Assalamulaikum Wr. Wb.

Gelisah itu dimulai ketika open recruitment menerima pertanyaan kurang lebih "masa jabatan panitia KI sampai kapan ya?" yang dengan otomatis saya jawab "Satu tahun, hingga terbentuk kepengurusan tahun selanjutnya".

Setelah itu hening di kepala.

Satu tahun??? Apa yang sudah kulakukan satu tahun kepengurusan KI menjadi fasilitator?

Agak merasa bersalah menjawab pertanyaan tadi.

Wong kemarin "cuma" kegiatan sampai hari inspirasi saja kok.
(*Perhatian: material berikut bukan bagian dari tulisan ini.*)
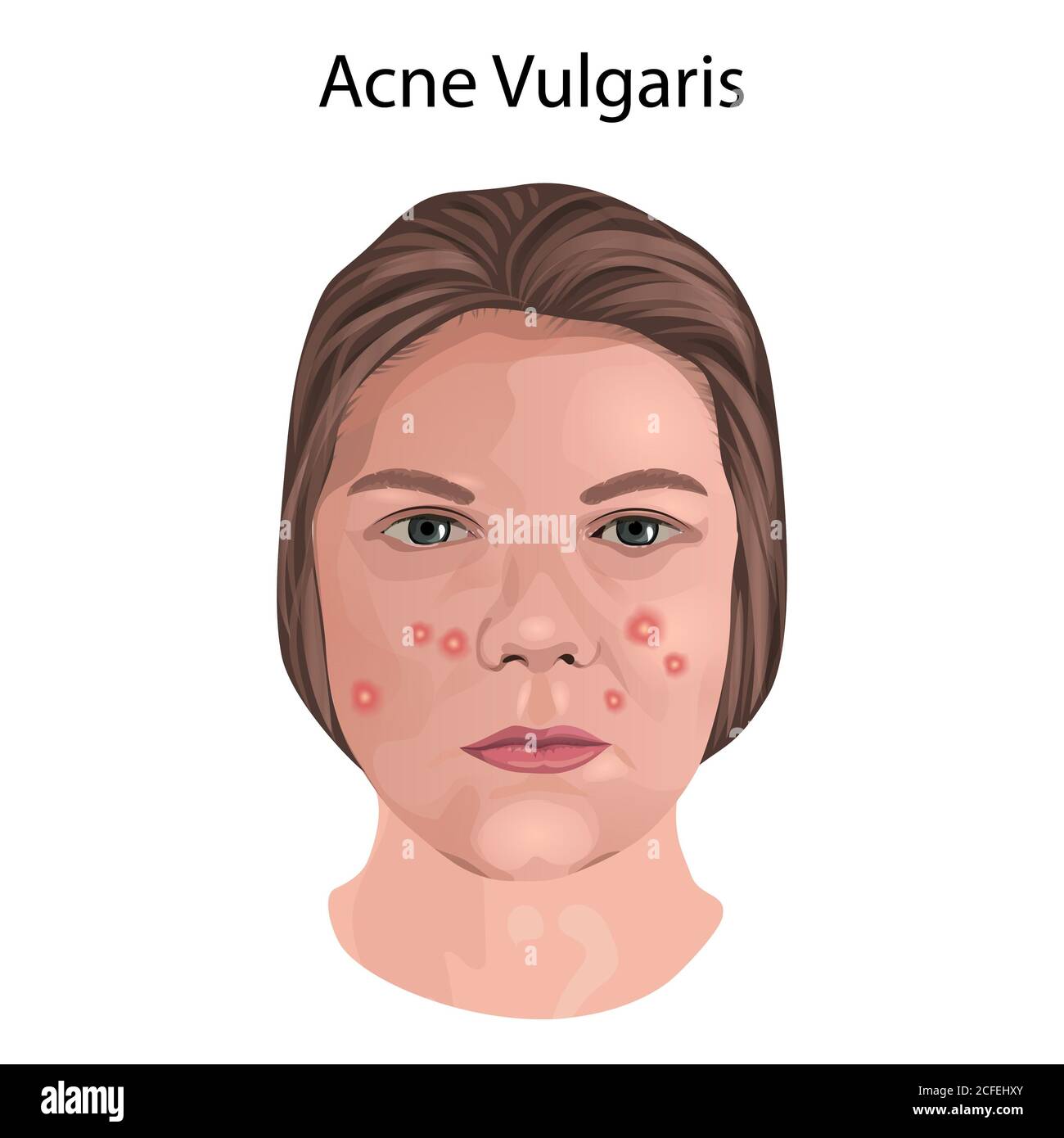 Acne Vulgaris Diagram
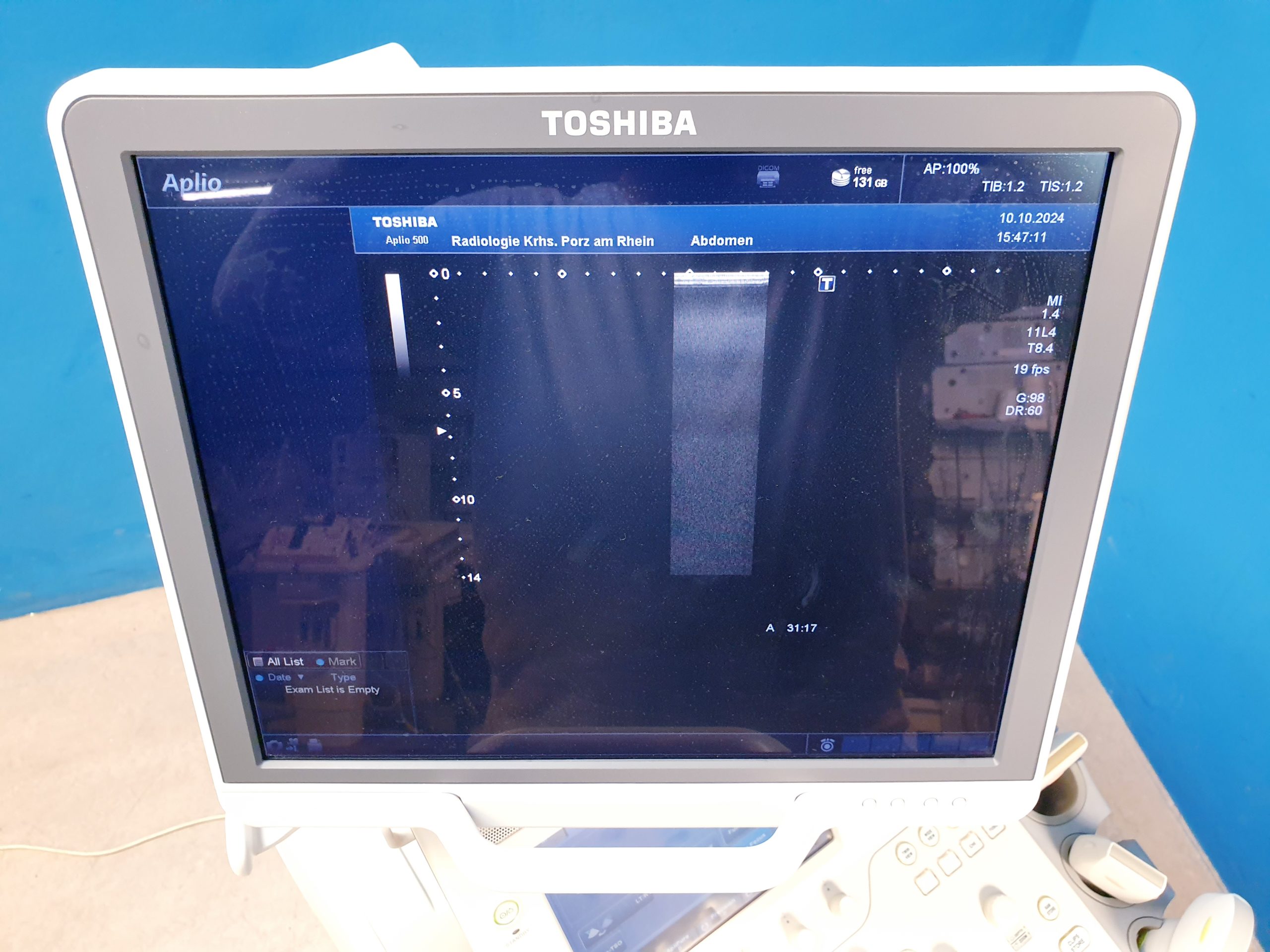 Toshiba Aplio 500 + 6C1 – PVT-375BT + 11L4 – PLT-704SBT + 12L5 PLT-805AT thumbnail 11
PIY (Pekan Inspirasi Yogyakarta) yang katanya bagian dari KI saja cuma jadi tim hore-hore, beberapa orang panitia malah curhat dan

merasa asing di acaranya sendiri, "Seperti menghadiri acara komunitas lain", katanya.

(mungkin dia sedang sensitif, wkwkwkwk)

Untuk tahun ini bolehlah berbangga hati karena kita sudah berhasil membuat ikatan kekeluargaan di antara kita, melahirkan bermacam kegiatan yang sudah berjalan dengan manajemen yang cukup baik, seperti karawitan dan jagongan yang justru idenya keluar dari

angkringan, ataupun kebersamaan di warung SS.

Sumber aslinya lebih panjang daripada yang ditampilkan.